Abbey and I sit at the finished wooden table for nearly three hours, watching the escapades of Johnny Depp, Orlando Bloom, and Keira Knightly. When the movie ends, we talk and laugh for a few minutes until Mrs. Hudson reenters the room.
“Annabeth, it’s almost time to go,” she says. I swing my purse over my shoulder, slip my Blue Lagoon Vera Bradley lunchbox into the crook of my elbow, and slide my binder under by arm. Mrs. Hudson leads me out the door and says goodbye to me, so I respond with a tentative “Bye” and start out on my journey to the west hall, where my locker is.

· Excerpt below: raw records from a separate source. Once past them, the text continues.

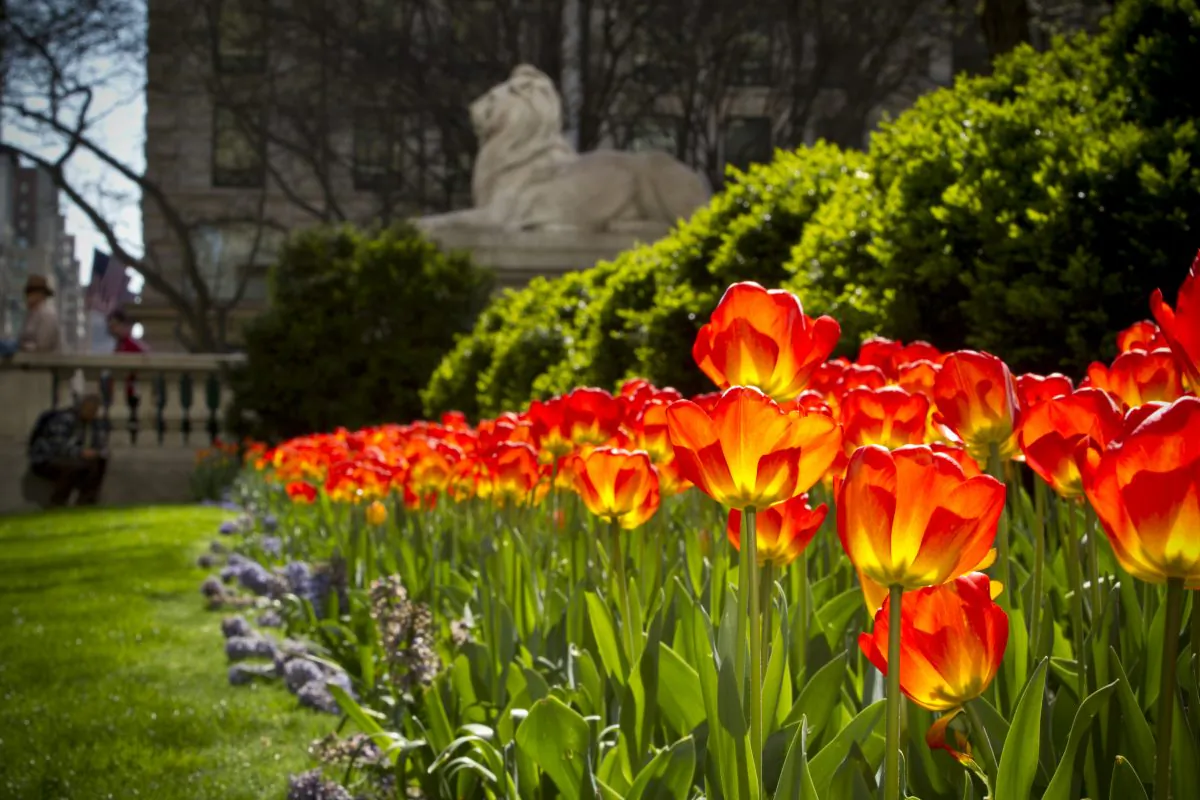 Tulips outside the New York Public Library in the spring. (Courtesy of Maureen Hackett)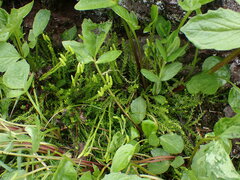 Diphasiastrum sitchense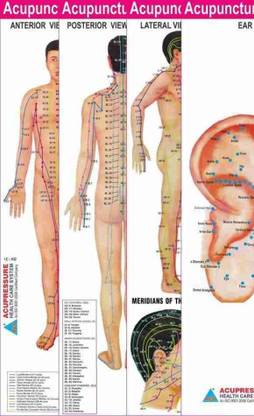 Acupressure Point Charts -Set Of 4 ( Paperback,Dr. Dinesh Choudhary )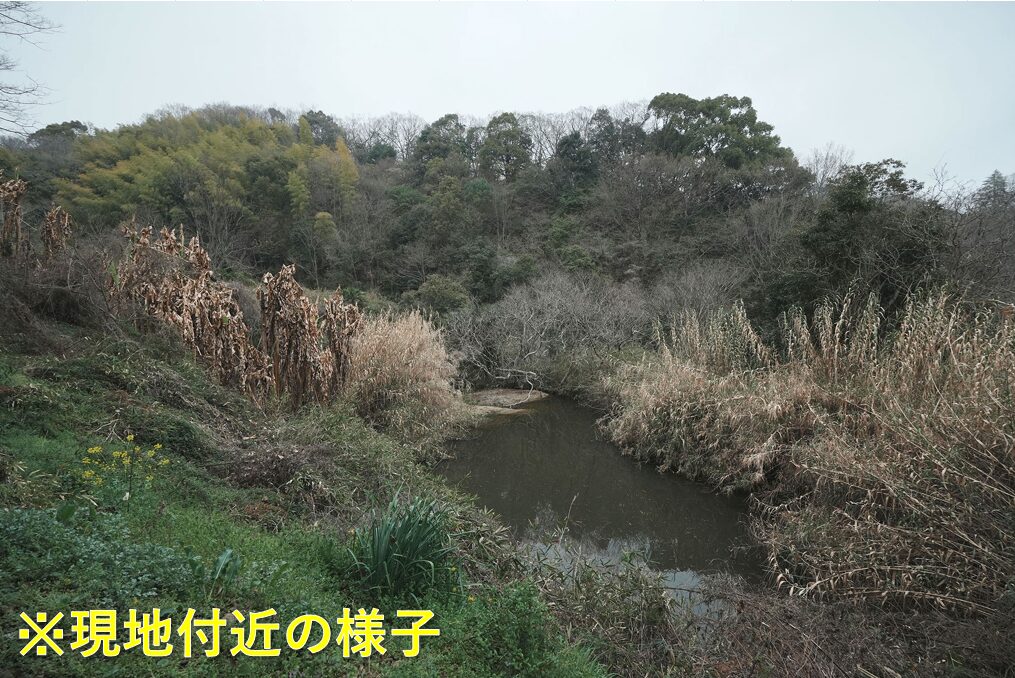 （お譲り先決定）【愛媛県松山市下伊台町】山林7筆あげます！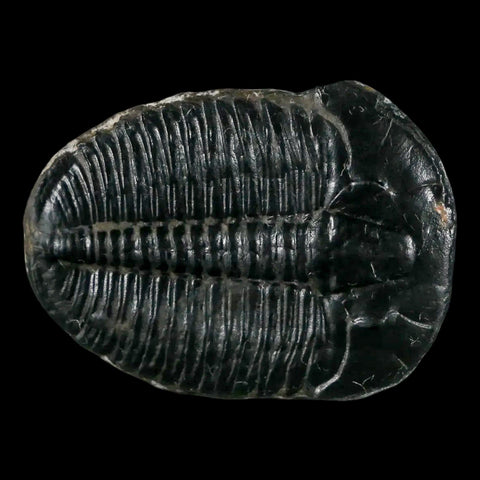 1.2" Elrathia Kingi Trilobite Fossil Utah Cambrian Age 521 Million Years Old COA - Fossil Age Minerals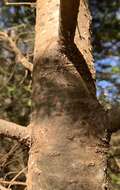 Image of Balsam Woolly Adelgid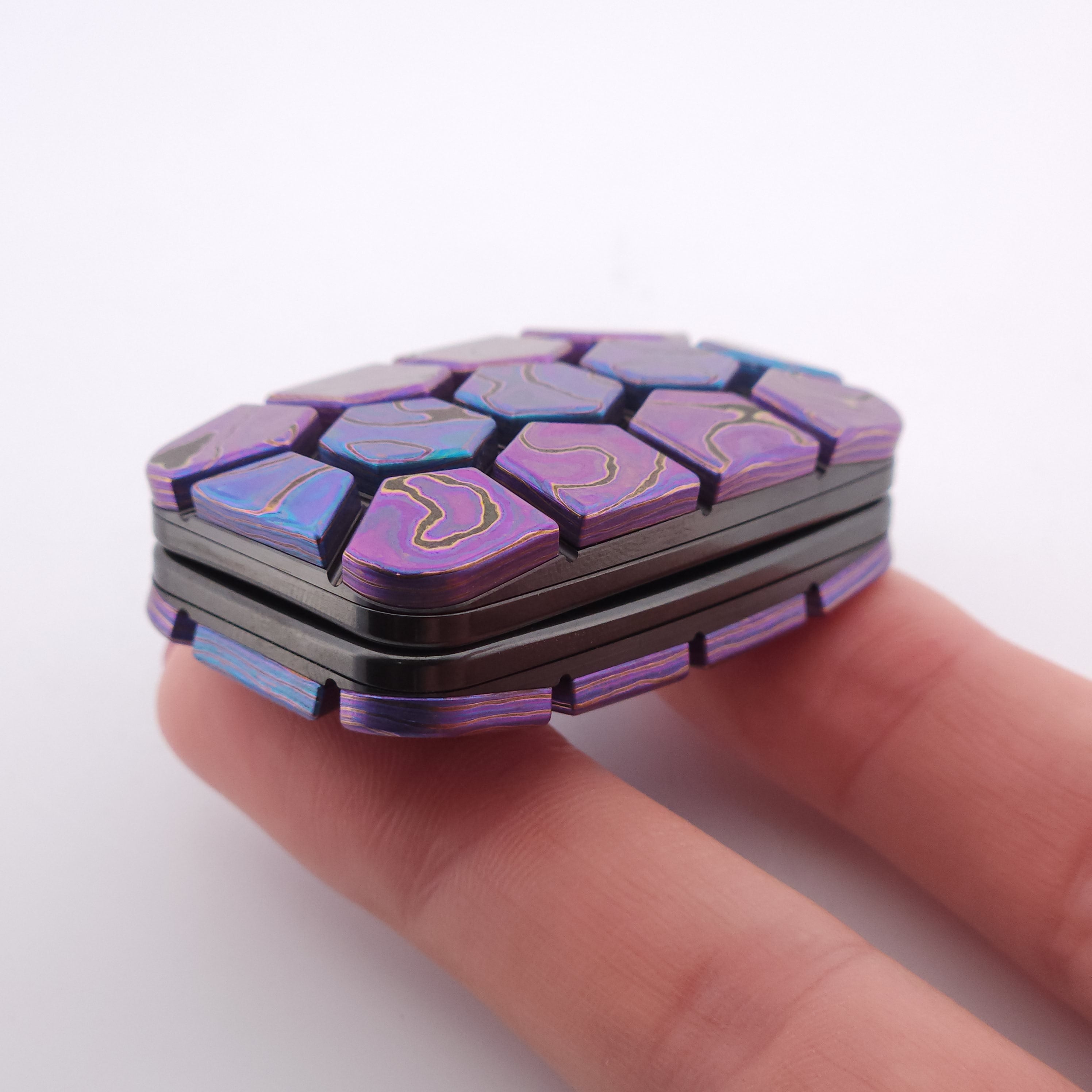 Exotic Custom Slider: EXD077 - Mosaic Turtle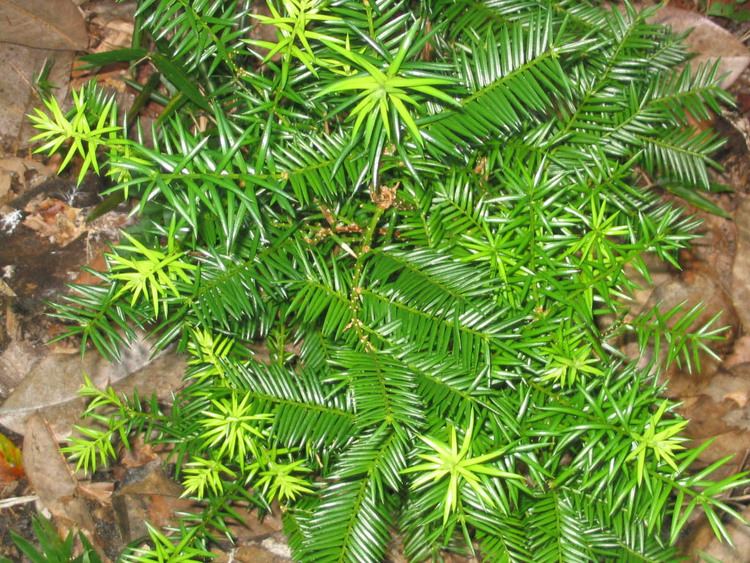 Torreya taxifolia CalPhotos Torreya taxifolia Florida Torreya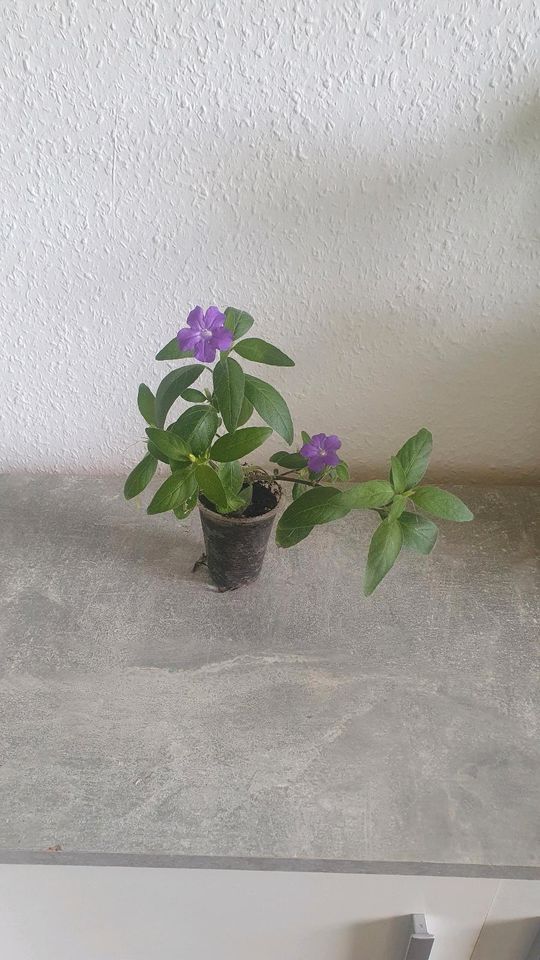 Zimmerpflanze Ruellia caroliniensis halbampel in Magdeburg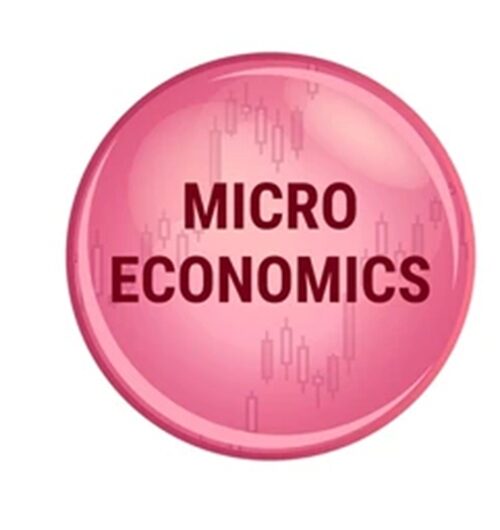 What is Micro economics? Definition, Key Concepts &…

“How’d it go?” I familiar voice whispers into my ear, causing my to drop everything I have. I scream and whip around.
“Oh, it’s you,” I say, leaning over to catch my breath.
“Thanks, I love you too. Best friends forever,” the eight-grader says. “Hey, what’s your name?”
“Annabeth, I say. I reach down to pick up my purse, lunchbox, and binder.
“I’m Blake,” he says as he beats me to it and hoists my purse in the air.
“Not fair,” I argue. “You’re like six feet tall. I’m five-four.”
“Hey, don’t exaggerate. I’m five-foot-eleven and a half.”
“Very funny,” I say, and Blake hands me my purse back. The bell rings, and a crowds of people flood out into the hallway.
“Crap,” Blake mutters. “I gotta go; all my stuff is still in my 7th period. See you tomorrow?”
“Tomorrow,” I whisper, and for the first time in all of this, I feel like I’m not alone.